By the time Georg Meier was snapped “aviating” his kompressor-equipped, boxer-engined racer while on his way to the Senior TT win on the Isle of Man in 1939, BMW had become a high flier in the motorcycle business, just two decades after being grounded from loftier pursuits.
With his Tourist Trophy victory, Meier not only became the first “continental” to beat the bike-mad Brits in their own backyard island playground, but conclusively affirmed BMW was a force to be reckoned with on the international stage.
BMW Motorrad – as the motorcycle division that launched what has become one of the world’s best-known brands on two or four wheels is known – is celebrating its 90th anniversary this year.
“Things must go on, friends. What are we going to make?” That was the question asked by Franz Joseph Popp, then boss of recently ex-aero-engine-builder Bayerische Motoren Werke, as the 1920s dawned. The emphatic answer, according to Horst Monnich in his company history, came from practical engineer and long-time bike enthusiast, Martin Stolle: “Motorcycles.”
In the aftermath of the restructuring of aircraft-engine company Rapp Motorenwerke, from which BMW emerged in 1917, and the end of the First World War, which brought with it stiff sanctions against aero-engine production, BMW’s survival plans had become ground-bound.
It dabbled in shoe-making machinery, pots and pans, air brakes and car and truck engines, but desperately needed a core product, which would turn out to be motorcycles.
It already had an engine, originally intended for industrial use, but which was already powering a motorcycle. Inspiration for this first flat-twin to be embossed with a BMW badge came from British brand Douglas, Stolle’s ride of choice.

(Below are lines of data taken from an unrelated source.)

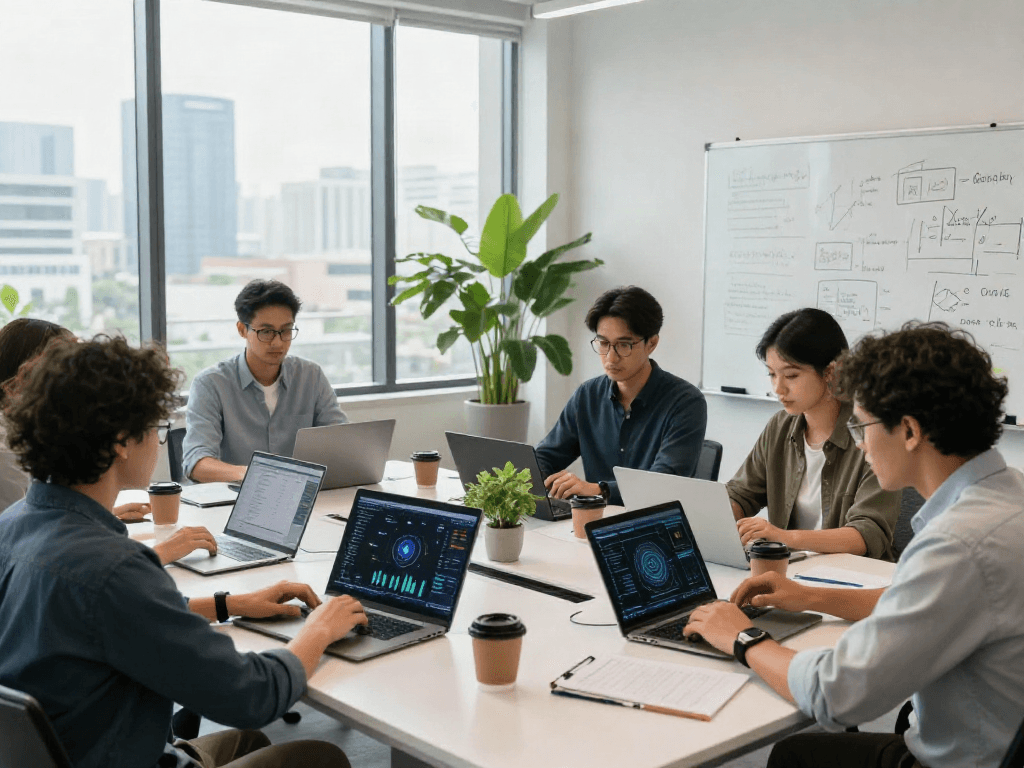 Innovative team collaborating on AI +18 technology in modern workspace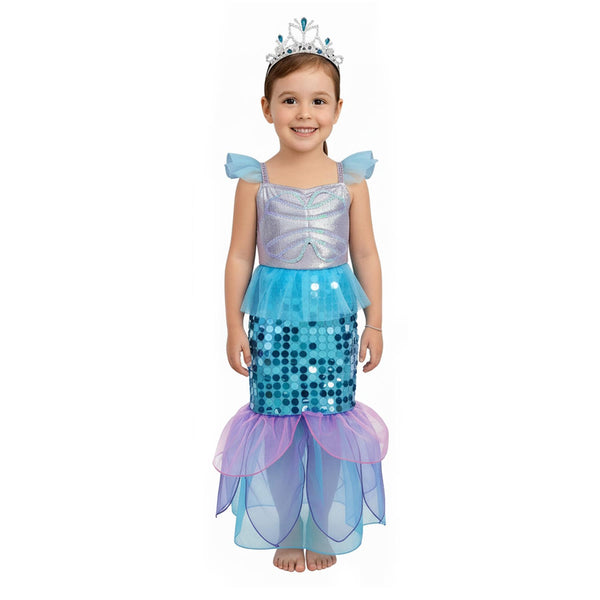 A2Z 4 Kids Girls Mermaid Halloween Costume Dress with Crown Kid Sparkly Sequin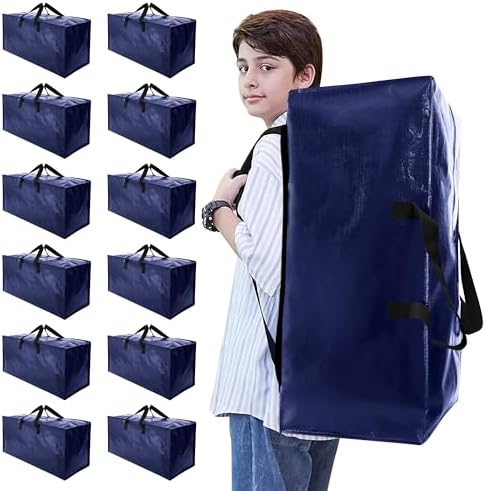 Heavy Duty Moving Bags with Backpack Straps and Strong Handles, Alternative to Moving Boxes and Storage Totes for Dorm Room Essentials, 12 Pack, Blue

According to Monnich, Stolle took apart the engine from his latest Douglas, a horizontally-opposed twin mounted fore and aft in the frame, and laid out the bits on a bench for technical director Max Friz.
The insights they garnered resulted in the M2B 15 motor, initially supplied to motorcycle maker Victoria Werke, and also to a former aircraft maker, Bayerische Flugzeugwerke, for its Helios motorcycle model. BMW acquired the latter company in 1922 and, along with it, the poorly designed Helios and a motorized bicycle called the Flink.
The Helios proved hopeless, and was soon discarded in favour of what would become the first true BMW, the R32 of 1923, which proved to be something special. It not only launched the company into the two-wheeled world at that year’s Berlin Motor Show, but established the basic design that still defines the BMW bike brand nine decades later.
It was a handsome machine, with a triangular tank, adorned with BMW blue-and-white propeller badges, slung under the top tubes of its rigid rear/leaf-sprung, leading-link forks frame, and deeply valanced fenders, finished in gleaming black with white striping.
But it was the engine layout and final drive that really set it apart. The M2B33 version of the boxer engine now sat cross-wise in the frame, which solved the problem of cooling the inline version’s rear cylinder, and allowed for a shorter wheelbase for improved handling. British bike-builder ABC was the first to do this, in 1918, but was ending motorcycle production just as BMW was starting.
BMW’s cast-iron, side-valve unit had a displacement of 486 cc and produced 8.5 hp, and bolted on behind was a car-style clutch and three-speed gearbox, and shaft-drive to the rear wheel instead of a chain.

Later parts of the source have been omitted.